In an interview on PBS NewsHour, US
Treasury Secretary Tim Geithner commented on
JPMorgan Chase chairman, president and chief
executive Jamie Dimon's conduct regarding the
bank's recent investment loss, and used the
"diplomatic language of Treasury communications"
to tell Dimon to resign from the New York Federal
Reserve Board.
Dimon as head of one of the
nation's largest banks should resign from the
Federal Reserve Board, but not because JPMorgan lost
$3 billion and counting in
CDS (credit default swaps) positions.
As I
pointed out last week (JPMorgan
not so dumb, Asia Times Online, May 18, 2012,
and Top
Wonks website), the Federal Reserve itself,
together with the Treasury, created regulatory
rules that not only permit but invite banks to
take on CDS to reduce their capital requirements
as derived from the amount of risk exposure,
allowing banks to show bank regulators that much
of their risk exposure has been hedged with CDS so
that banks can lend five times more loans from the
reduced capital level than would be permitted
without CDS hedging.
Dimon should resign
from the Fed Board for another reason: it is a
fragrant conflict of interest to have the head of
a regulated financial institution sit on the board
of the Fed, the bank's regulator.
The
bottom line is that JPMorgan made money to the
tune of $4 billion net in the same quarter that it
lost $2 billion from credit derivative positions
because its risky CDS positions allowed JPMorgan
to make larger profit from more lending to more
than cover the loss from the same CDS position.
That is how risk hedging becomes a profit center
for banks.
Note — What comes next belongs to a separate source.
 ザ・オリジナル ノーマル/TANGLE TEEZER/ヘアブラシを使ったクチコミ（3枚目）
Dimon would love to have the derivative
play make profit as well as icing on the cake, but
even without the icing, the cake is very good.
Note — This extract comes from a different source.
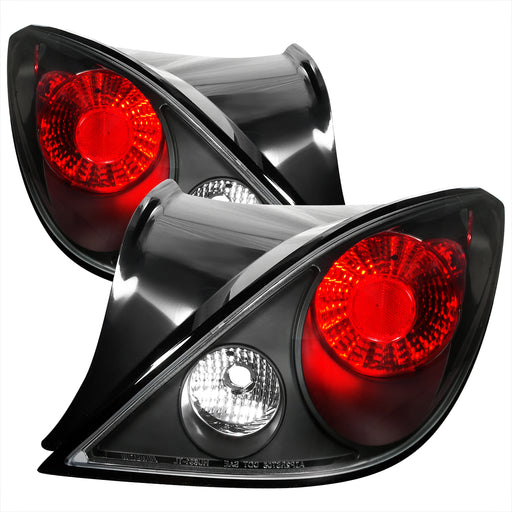 Spec-D 05-10 Pontiac G6 Altezza Tail Light Black 2 Door LT-G605JM-TM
Dimon elects to take off-target criticism
by pretending that the CDS play was a sloppy
mistake. He does this to divert attention from the
real problem, which is the structural regulatory
regime that allows banks to make high profit by
avoiding high capital requirements as a percentage
of its risk exposure. Dimon's mea culpa strategy
is aimed at preventing the enforcement of the
Volcker Rule to restrict banking from trading.
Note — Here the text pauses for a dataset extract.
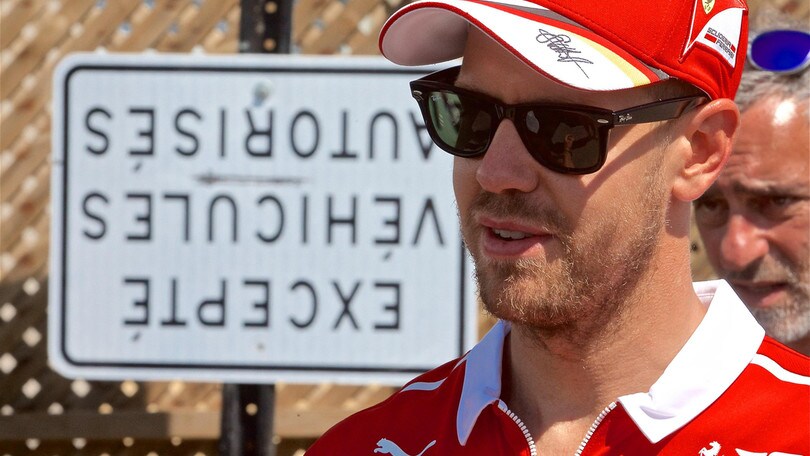 F1 Canada, Vettel: «Nostra forza è impegno collettivo»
The fact remains that: 1. The $3
billion lost by JPMorgan did not vanish into thin
air. It stayed in the financial system, going from
JPMorgan into the pockets of hedge funds; and
2. The guilty parties are not the banks that
play by the rules set by the regulators. The
guilty parties are the regulators, that is, the
Federal Reserve and the US Treasury.
Thus
Geithner once more is merely grandstanding, this
time at the expense of Dimon, who will recover as
a hero when shareholders begin to understand the
actual facts behind the multi-billion dollar loss.
The loss was really an investment to facilitate
high profit from bank loans.
There are a
lot of things wrong with our banking system and
its regulatory regime. But forcing Dimon to resign
from the Fed Board obscures the real issues.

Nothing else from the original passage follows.